There are lines on OK Go’s song, Upside Down & Inside Out, that go, “Don’t know where your eyes are, but they’re not doin’ what you said. Don’t know where your mind is baby, but you’re better off without it.” The video for this song was filmed on a Zero-G flight.
I reached into the pouch on the seat-back and found the barf bag. I puffed it open and comforted Cheryl by saying, “Here. Take it.” And then I noticed the baby across the aisle, staring. The baby’s contented look was replaced by another, more dangerous look.
The Vomit Comet is the nickname for a jet ride (a modified Boeing 727) you can take to simulate weightlessness. The ride is offered by a company called Zero-G who promise you will float like an astronaut and fly like a superhero. The plane follows a parabolic trajectory, the same as a projectile in free fall. As passenger, you’ll free fall along with the plane for 20 to 30 seconds. For the privilege of fifteen of these half-minute parabolic maneuvers, you pay $4950 plus 5% tax.
Martha Stewart and Stephen Hawking are quoted on the webpage, both using ‘amazing’ to describe the experience. I found an interview with a Zero-G pilot who said, “I don’t really keep any stats, but it amounts to a rule of thirds – one-third violently ill, the next third moderately ill, and the final third not ill at all.”
I failed to anticipate the violently ill third which included my wife, and now the baby who blew a pale yellow stream of baby chunks into her father’s face. He turned his head and held the baby at arms’ length. Mom pressed the call button but of course no attendant was unbelting. The plane’s still bouncing, the baby’s got a poker face, and a dribble of partially digested goo on her chin. To my left, the man across the aisle, directly behind the baby, was wiping his shirt and pants with a wet nap. I looked over at Cheryl. I did not share the scene.
Motion simulators can duplicate six ways to move (six degrees of freedom) using three pairs of hydraulic actuators sandwiched between motion platforms in an arrangement called a hexapod. Motion simulators are either occupant-controlled (like flight simulators used to train pilots and astronauts and teen drivers) or passive-rider (like theme park rides).
An airplane can rotate three ways: yaw, pitch, and roll. Cars, for the most part, are not free to rotate like planes, but the black Firebird Trans Am that Burt Reynolds’ Bandit drove sure did. Every spin-out was a yaw, and the jump, nose up across the incomplete bridge, nose down onto the football field was a pitch.
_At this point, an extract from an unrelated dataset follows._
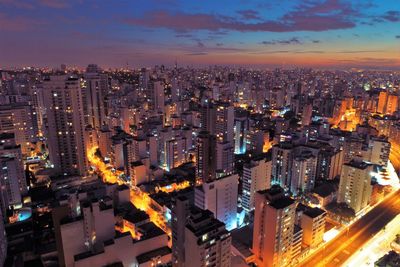 High angle view of illuminated buildings against sky at night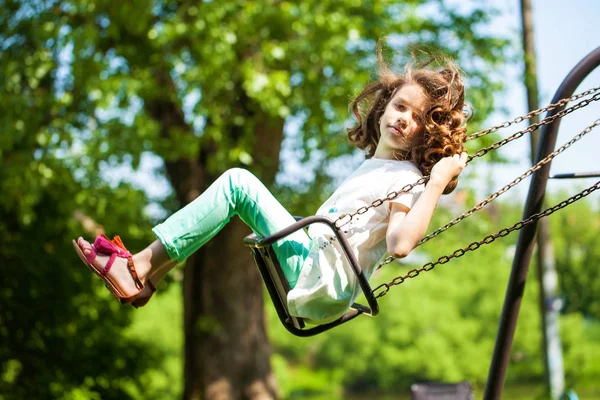 Bambina su un'altalena nel parco estivo — Foto Stock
Sally Field’s character gyrating out of her wedding gown while in the passenger seat caused the Trans Am to roll as did the scene (presumably, as it was left to the imagination) where Bandit finally removed his cowboy hat, leaving it perched and rocking atop the radio antennae.
There are straight-line equivalents to rotation’s yaw, pitch, and roll. They have interesting technical names: sway, surge, and heave.
The baby kept it together and so did Cheryl, neither surging nor heaving the rest of the flight. Although it did take Cheryl several hours of not swaying at home alone in bed to fully regain 100% Christmas spirit.